Welcome! I really enjoy exchanging information with people and hope this blog will help with that. Some of the surnames I'm researching:

Many old Cape families including Kelley, Eldredge/idge, Howes, Baker, Mayo, Bangs, Snow, Chase, Ryder/Rider, Freeman, Cole, Sears, Wixon, Nickerson.
Many old Plymouth County families including Washburn, Bumpus, Lucas, Cobb, Benson.
Johnson (England to MA)
Corey (Correia?) (Azores to MA)
Booth, Jones, Taylor, Heatherington (N. Ireland to Quebec)
O'Connor (Ireland to MA)
My Mayflower Ancestors (only first two have been submitted/approved by the Mayflower Society):
Francis Cooke, William Brewster, George Soule, Isaac Allerton, John Billington, Richard Warren, Peter Browne, Francis Eaton, Samuel Fuller, James Chilton, John Tilley, Stephen Hopkins, John Howland.

Sunday, November 17, 2013

John Davis b. ca 1870 and Grace Ellis (1889-1964) of Falmouth, Mass.

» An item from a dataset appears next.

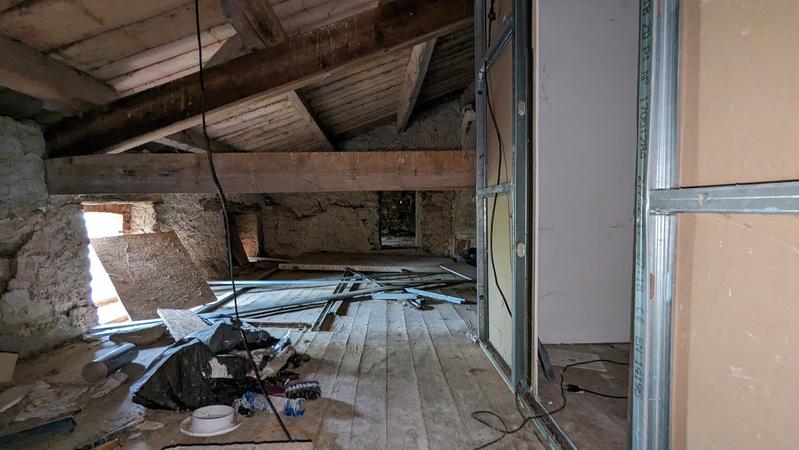 Maison - 244 m² - 8 pièces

John Davis was born in Massachusetts, or possibly Searsport, Maine, about 1870, the son of Andrew Davis and Charlotte Spencer (approximate date of birth from census records) He was raised in Blackstone, Worcester Co., Mass.

On 15 October 1922 he married Grace Pearle Ellis at Falmouth, Mass. They were members of the Baptist Church there. Grace had married, first, Nahum Leach on 4 April 1906, at Carver, Mass.

I am not related to John and Grace by blood, but they raised my grandfather Arthur Washburn Ellis. Arthur, nicknamed Art, was born 25 May 1913 in Plymouth, Mass., to Carrie Washburn. His birth was illegitimate as no father is listed on his birth record, but his sister said Carrie told her his father was George B. Smith, who died in a tragic accident before he was born. I wrote about Arthur here.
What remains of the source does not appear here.